Анри Барбюс i_007.png

ЧАСТЬ III

АТАКА

Анри Барбюс i_008.png

ГЛАВА ПЕРВАЯ

1

На арену истории вступали двадцатые годы: наметом буденновской конницы; железным шагом пролетарских Таращанского и Богунского полков; маршем Перекопских дивизий; стачечными пикетами английских горняков; отрядами защитников гамбургских баррикад…

Под знаменем III Интернационала шли победоносные двадцатые годы.

В пушечном гуле белопольских армий, в жестокой пурге кулацких восстаний, в огне кронштадтского мятежа наступали трудные двадцатые годы.

«Ночь кончается в Туре» — назовет свою книгу французский писатель-коммунист Жан Фревиль.

В 1920 году в Туре ветеран революционных битв Марсель Кашен, двадцатилетний Морис Торез, уже испытанный боец пролетарского движения, пламенный трибун Поль Вайян-Кутюрье и многие другие, чьи имена дороги рабочим Франции, закладывают основы великой партии коммунистов.

Ее незапятнанное знамя будет реять в политических боях с буржуазией и в стычках с реакцией.
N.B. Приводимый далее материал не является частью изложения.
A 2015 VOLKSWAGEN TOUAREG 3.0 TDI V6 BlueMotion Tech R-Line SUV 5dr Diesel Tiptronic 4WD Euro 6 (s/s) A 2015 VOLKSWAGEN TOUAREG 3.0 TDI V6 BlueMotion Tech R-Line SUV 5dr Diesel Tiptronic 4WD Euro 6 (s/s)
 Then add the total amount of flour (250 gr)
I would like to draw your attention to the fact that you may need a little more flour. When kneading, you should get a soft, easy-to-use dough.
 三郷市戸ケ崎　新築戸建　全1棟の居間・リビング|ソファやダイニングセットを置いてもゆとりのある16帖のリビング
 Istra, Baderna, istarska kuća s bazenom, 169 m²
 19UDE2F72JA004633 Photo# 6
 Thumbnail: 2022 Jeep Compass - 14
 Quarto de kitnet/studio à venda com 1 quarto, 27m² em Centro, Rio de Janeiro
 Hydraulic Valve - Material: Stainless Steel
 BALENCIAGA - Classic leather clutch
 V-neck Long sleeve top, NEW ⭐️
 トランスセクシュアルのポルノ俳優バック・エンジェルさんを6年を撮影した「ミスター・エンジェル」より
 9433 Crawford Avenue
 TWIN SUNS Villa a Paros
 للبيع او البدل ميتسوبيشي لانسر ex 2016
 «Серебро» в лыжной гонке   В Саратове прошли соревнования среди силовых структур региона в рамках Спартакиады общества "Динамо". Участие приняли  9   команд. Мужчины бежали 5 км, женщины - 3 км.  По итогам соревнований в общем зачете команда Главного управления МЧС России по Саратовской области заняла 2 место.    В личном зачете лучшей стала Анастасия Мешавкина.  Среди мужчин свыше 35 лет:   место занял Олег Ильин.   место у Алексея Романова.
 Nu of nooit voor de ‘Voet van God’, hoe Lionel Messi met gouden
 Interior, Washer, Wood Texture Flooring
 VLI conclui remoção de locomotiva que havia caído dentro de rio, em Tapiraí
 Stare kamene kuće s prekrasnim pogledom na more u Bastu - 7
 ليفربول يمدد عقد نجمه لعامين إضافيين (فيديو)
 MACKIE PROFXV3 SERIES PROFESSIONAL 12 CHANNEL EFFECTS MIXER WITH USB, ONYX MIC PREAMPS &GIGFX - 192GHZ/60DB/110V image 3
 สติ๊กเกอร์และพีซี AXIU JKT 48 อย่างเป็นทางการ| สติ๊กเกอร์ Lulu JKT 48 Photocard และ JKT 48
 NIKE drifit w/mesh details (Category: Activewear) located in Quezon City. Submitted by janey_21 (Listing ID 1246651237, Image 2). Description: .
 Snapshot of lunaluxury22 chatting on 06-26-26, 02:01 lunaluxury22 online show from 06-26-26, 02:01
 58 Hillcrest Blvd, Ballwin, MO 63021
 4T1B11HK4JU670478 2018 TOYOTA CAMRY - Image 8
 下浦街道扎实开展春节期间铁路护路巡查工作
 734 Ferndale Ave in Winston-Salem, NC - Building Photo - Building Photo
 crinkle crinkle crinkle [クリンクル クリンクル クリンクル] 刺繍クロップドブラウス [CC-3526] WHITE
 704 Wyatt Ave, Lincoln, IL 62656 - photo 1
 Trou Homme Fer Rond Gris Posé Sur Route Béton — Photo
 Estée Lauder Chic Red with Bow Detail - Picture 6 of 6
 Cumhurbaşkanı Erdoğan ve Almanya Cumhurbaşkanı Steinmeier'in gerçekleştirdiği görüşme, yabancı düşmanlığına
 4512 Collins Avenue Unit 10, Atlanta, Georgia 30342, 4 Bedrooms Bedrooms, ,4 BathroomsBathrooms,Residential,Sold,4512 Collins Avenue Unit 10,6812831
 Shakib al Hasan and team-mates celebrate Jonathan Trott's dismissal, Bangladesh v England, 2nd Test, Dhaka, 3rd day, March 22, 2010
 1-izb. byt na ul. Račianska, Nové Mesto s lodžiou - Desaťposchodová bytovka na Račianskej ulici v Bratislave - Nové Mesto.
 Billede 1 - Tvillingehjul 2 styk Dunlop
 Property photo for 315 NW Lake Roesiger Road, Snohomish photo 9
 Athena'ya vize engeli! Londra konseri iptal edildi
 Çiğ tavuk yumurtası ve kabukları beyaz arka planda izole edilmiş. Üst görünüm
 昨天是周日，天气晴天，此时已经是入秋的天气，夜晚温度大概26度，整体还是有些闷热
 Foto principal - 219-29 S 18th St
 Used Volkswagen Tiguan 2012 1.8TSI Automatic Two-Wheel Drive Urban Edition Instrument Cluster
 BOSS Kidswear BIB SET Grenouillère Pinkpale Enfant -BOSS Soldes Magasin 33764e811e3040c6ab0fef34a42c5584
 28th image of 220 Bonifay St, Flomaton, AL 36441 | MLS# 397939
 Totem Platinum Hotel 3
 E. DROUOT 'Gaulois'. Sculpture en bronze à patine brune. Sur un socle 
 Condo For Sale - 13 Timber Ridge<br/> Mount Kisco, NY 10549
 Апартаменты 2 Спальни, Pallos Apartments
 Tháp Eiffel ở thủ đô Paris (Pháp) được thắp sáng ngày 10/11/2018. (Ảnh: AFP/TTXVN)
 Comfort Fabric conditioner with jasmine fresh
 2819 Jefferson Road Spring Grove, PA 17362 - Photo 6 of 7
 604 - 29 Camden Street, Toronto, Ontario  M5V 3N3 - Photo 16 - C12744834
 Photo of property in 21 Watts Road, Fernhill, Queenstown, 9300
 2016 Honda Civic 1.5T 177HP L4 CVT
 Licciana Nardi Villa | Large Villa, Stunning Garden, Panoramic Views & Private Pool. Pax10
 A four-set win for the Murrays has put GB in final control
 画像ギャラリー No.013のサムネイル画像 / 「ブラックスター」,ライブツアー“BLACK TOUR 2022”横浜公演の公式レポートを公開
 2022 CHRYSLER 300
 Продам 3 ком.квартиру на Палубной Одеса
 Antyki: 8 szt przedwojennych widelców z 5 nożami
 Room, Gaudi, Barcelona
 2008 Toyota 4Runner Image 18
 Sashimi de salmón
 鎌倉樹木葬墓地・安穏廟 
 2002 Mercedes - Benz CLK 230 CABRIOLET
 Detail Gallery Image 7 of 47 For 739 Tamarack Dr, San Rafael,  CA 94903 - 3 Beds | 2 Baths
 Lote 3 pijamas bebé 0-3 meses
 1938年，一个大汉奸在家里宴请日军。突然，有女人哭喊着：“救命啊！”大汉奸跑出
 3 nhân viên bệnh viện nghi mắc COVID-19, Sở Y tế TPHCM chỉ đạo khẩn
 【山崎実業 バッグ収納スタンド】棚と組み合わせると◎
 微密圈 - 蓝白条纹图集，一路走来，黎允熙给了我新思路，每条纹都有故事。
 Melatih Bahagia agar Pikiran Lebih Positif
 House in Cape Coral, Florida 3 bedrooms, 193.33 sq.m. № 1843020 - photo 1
Оно подымется символом братской помощи республиканской Испании и протестом против угнетения Марокко и Туниса.

В дни тяжких испытаний, незримое, оно будет шелестеть над головами франтиреров. Оно прошумит грозным предупреждением поджигателям войны и клятвой генерального секретаря Коммунистической партии Франции — Тореза: «Никогда народы Франции не будут воевать против Советского Союза!»

«Спасите человеческую правду, спасая правду русскую!» — взывает Барбюс.

Для того чтобы родились эти слова, мир Барбюса должен был неизмеримо расшириться. «Только тот видит правильно, кто смотрит далеко», — таксам Барбюс определил свое новое видение мира. Барбюс разоблачает палачей русской революции, правителей, организовавших нашествие четырнадцати государств на молодую республику. Его публицистика мускулиста, она бьет с размаху, она не дает противнику подняться.

Меньше всего Барбюса соблазняет роль воинствующего одиночки. Как никогда, он чувствует потребность объединения.

Первый, к кому обращается мысль Барбюса, — это его великий соотечественник. В 1917 году Ромен Роллан сказал добрые слова об «Огне». Это было неожиданно. Он показал тем самым свое отношение не только к борьбе с насилием вообще — свое отношение к империализму.